In the Fig. (1), we plot \({\mathcal {E}}_{l,1}\over m\) as a function of \(a^2m^2\). Let’s look at the two possible cases regarding the signs (±) inside the square root in Eq. (28). When the signal is positive, the behavior of \(\Big |\frac{{\mathcal {E}}_{l,1}}{m}\Big |\) is always the same, decreasing. On the other hand, when the sign is negative, we have two possibilities for the behavior of \(\Big |\frac{{\mathcal {E}}_{l,1}}{m}\Big |\):

  1. (i)

    if \(\sqrt{2\alpha ^2\left( l(l+1)+2\alpha ^2\right) }>l(l+1)-2\alpha ^2\), \(\Big |\frac{{\mathcal {E}}_{l,1}}{m}\Big |\) is decreasing;

  2. (ii)

    if \(\sqrt{2\alpha ^2\left( l(l+1)+2\alpha ^2\right) }<l(l+1)-2\alpha ^2\), \(\Big |\frac{{\mathcal {E}}_{l,1}}{m}\Big |\) is increasing.

We illustrate in Fig. (2) the possible values of l and \(\alpha \) so that conditions (i) and (ii) are satisfied and in Fig. (3). We show the behavior of \({\mathcal {E}}_{l,1}\over m\) for these two cases.

Fig. 1
figure 1

Behavior of the four possibilities for lowest energy system. We choose \(l=1\) and \(\alpha =0.6\). In the legend, the first sign refers to the sign outside the square root, while the second sign, inside the square root

Fig. 2
figure 2

Allowed values of \(\alpha \) e l regarding conditions (i) and (ii)

Fig. 3
figure 3

Behavior of \(\Big |\frac{{\mathcal {E}}_{l,1}}{m}\Big |\) when the signal inside the square root is negative. For this illustration we take \(\alpha =0.5\) in the case (i) and \(\alpha =0.6\) in the case (ii), in both cases we take \(l=1\)

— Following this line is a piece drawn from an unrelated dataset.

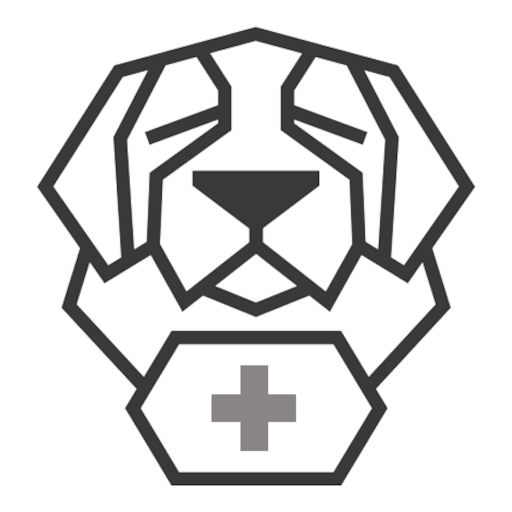 Connexion - SBA logo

We can observe that the energy profile of a scalar field in the spacetime of a topologically charged Ellis–Bronnikov-type wormhole is influenced by the background, as we can see through the presence of the parameters associated with the topological charge, \(\alpha \), and the wormhole throat, a, in the equation (28). We can also note that the energy of the scalar field is not free and continuous energy, but determined by the quantum numbers of the system, that is, the energy of the scalar field in an Ellis–Bronnikov-type wormhole is quantized, even though there is no explicit interaction. In addition, the allowed energy values for the lowest energy state of the system depend on the parameters associated with the wormhole throat and the topological defect. By making \(\alpha =1\) we recover the allowed energy values for the lowest energy state of the system in the spacetime of an Ellis–Bronnikov-type wormhole.

4 Conclusion

In this work we analyze some phenomena related to topologically charged Ellis–Bronnikov-type wormhole spacetime. This spacetime, which is an exact solution of the modified field equations in EiBI gravity, is supported by the energy-momentum tensor associated with the region outside the GM core. First, we calculated the angular deflection of light in this spacetime and found that it increases compared to ordinary Ellis–Bronnikov wormhole due to the topological charge, as shown in the weak field approach. In addition to our analysis, we analyzed the relativistic quantum dynamics of a scalar field in this background characterized by the topologically charged Ellis–Bronnikov-type wormhole. In the search for solutions of bound states, we analytically determine the allowed values of relativistic energy for the lowest energy state of the system, which are determined by the quantum numbers of the system and the parameters associated with topologically charged wormhole, that is, the parameter related to the radius of the throat of the wormhole and GM. In addition, we show that, taking \(\alpha =1\), we recover the values of relativistic energy for the lowest energy state of a scalar field in the Ellis–Bronnikov-type wormhole spacetime.